EXTRACTED INFORMATION:
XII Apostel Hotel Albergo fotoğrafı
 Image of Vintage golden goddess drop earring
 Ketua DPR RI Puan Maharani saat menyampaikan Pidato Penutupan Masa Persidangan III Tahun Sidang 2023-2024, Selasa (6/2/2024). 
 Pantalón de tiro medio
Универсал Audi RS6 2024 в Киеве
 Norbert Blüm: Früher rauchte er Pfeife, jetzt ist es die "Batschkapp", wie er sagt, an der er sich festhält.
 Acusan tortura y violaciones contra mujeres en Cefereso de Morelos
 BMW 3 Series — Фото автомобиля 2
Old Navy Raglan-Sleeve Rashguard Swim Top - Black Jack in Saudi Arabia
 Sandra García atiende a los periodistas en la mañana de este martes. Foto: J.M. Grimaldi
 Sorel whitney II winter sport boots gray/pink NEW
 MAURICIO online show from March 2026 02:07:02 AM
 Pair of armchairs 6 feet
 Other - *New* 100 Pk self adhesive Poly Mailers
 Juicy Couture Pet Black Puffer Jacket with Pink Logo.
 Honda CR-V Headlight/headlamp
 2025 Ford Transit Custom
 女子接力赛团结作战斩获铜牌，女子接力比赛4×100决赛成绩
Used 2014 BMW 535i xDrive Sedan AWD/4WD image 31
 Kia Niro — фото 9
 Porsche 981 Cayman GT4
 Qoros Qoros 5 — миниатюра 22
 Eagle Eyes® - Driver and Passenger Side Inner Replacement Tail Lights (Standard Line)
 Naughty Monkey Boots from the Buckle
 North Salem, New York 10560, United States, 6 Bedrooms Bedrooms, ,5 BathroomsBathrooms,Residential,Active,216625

EXERCISE BRIEF: Copy each line of the material where "from" is found.

RESULT FOR THIS EXERCISE:
 MAURICIO online show from March 2026 02:07:02 AM
 Naughty Monkey Boots from the Buckle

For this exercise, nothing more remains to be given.